Manjaro Linux review

Although some information on this page is relevant, it is outdated by a few months. A new version of Manjaro is out and there is a separate review for it: http://profectium.blogspot.com/2012/11/manjaro-linux-82-review.html

Manjaro Linux is a Linux distribution based on Arch Linux. Arch, for those that do not know, is a distribution designed to be completely minimal; this allows the user to build their system from the ground up. Manarjo is Arch Linux for people that want a functioning system out of the box. Using Manjaro still awards the user with the features of Arch Linux while being wrapped in a user friendly package.

Manjaro Linux is very easy to install. It uses X by default but still uses an ncurses user interface that opens in a terminal to install. The installation takes considerably longer than any other Linux distribution I have ever seen before, mainly on the formatting part. The partition editor did not recognize my other partitions either, so I had to use the entire disk.
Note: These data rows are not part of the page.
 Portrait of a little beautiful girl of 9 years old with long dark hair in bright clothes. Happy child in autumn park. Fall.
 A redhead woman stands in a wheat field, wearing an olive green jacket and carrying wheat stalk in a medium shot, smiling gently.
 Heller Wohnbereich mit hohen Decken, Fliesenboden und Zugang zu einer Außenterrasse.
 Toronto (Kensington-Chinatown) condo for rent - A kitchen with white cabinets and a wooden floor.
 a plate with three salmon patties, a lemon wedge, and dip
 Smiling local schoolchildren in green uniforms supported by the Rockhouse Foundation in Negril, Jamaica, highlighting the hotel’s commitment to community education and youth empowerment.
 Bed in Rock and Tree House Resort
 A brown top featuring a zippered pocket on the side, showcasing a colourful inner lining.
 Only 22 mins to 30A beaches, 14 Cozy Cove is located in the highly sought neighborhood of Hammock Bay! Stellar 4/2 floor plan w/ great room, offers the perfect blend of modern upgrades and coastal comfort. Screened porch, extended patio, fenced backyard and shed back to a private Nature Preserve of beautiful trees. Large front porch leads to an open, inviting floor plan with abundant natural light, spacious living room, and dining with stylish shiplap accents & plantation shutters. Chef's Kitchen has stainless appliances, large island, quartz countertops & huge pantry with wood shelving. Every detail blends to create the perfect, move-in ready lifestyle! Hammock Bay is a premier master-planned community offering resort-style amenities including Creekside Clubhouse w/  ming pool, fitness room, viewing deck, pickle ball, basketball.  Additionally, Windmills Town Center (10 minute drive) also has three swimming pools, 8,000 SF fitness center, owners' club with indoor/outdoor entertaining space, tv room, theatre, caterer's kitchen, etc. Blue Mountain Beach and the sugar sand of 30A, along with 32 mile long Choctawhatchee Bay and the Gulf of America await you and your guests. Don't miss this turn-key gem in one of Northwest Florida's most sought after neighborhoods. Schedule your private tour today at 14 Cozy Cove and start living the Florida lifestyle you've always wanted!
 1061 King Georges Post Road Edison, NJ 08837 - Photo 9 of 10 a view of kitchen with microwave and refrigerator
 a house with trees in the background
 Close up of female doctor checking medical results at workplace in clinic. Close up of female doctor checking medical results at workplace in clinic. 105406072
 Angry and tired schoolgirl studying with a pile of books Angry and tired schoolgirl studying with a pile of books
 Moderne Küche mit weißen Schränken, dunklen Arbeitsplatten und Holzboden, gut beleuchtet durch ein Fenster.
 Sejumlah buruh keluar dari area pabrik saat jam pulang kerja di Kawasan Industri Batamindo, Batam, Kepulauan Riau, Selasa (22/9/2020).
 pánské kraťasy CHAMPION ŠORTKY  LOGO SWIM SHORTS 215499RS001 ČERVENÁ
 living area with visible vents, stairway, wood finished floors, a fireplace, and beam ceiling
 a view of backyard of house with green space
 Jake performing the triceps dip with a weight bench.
The problems with the installer will be fixed some time this fall when the Manjaro Linux team finishes their graphical installer. If you have ever installed Archbang, it's basically the exact same experience.

First Impressions
Manjaro uses the lightdm display manager just like Ubuntu does. There is a sacrifice between memory usage and aesthetics here, however. Lightdm uses about 50 MiB more RAM than gdm does, and /etc/inittab is nowhere to be found. For those that do not want to kill lightdm and start X manually on every boot this could be a dealbreaker. I was not happy with this.

When choosing which CD .iso to install I chose XFCE. To my surprise it was heavily patched for Manjaro Linux. The entire XFCE experience was wonderful in terms of additions that the Manjaro Linux team made. I presume that the other desktop environment options are just as friendly if not moreso than the XFCE version of the distribution.

Prolonged use impressions *new*
I have recently discovered a very troubling bit on information about Manjaro. If you notice in the screenshot, 585 MiB of RAM was in use. This is a nominal sum in today's age, where having 8+ GiB of RAM is commonplace, but what is using all of that memory? It turns out that a kernel module named nvidia was installed during the Manjaro installation.

It dawned on me that Manjaro DID provide a boot option to not install video card graphics drivers, but I instead installed the drivers. Following this guide I blacklisted the nvidia kernel driver and restarted the kernel. Upon doing this X was completely brought to its knees by the absence of the Nvidia driver. X DEPENDS on the Nvidia driver as it is used in Manjaro Linux.

Manjaro Linux does not provide a flexible graphical system to meet the needs of a graphics-intensive user as well as one who does not use graphics. Rather, they polarized their distribution with two extremes that conflict with one another.

Installing Software
Unlike Archbang the pacman (package manager) mirrorlist is functional right out of the box and does not need any updating. Pacman even comes with a graphical frontend, making installing software possible for beginners.

The autoconf tools suite was not there by default, however. This made installing packages from the Arch User Repository (AUR) difficult. Any user wishing to compile their own software will also have to take the detour of manually installing the three packages that make up autotools.

Non-manjaro specific Arch Linux evaluation
Arch Linux, the system that Manjaro is based on, has quite a bit going for it. It is arguably the best documented distribution around with its wiki and forum. The AUR and official repositories are as up-to-date as portage, which until now has been the best repository tree I have ever used. Pacman is a bit cumbersome to use from the command line (pacman -Syu to update does not make immediate sense), but it is one of the selling points of Arch Linux.

If you are a user interested in Manjaro Linux it is completely usable as-is. For a user with a bit less experience with Arch Linux it would probably be wise to wait until the graphical installer is released to avoid the partitioning confusion that all users of Manjaro have run into so far.

After discovered the issue with X recently I have decided to jump ship to Fedora Linux. However, it is a very minor issue since the nvidia module only takes up about 111 MiB of RAM. The scary part about the issue is that other shortcuts like the X-dependency or lightdm could be lurking in the background of Manjaro Linux, making it an unreliable computing platform.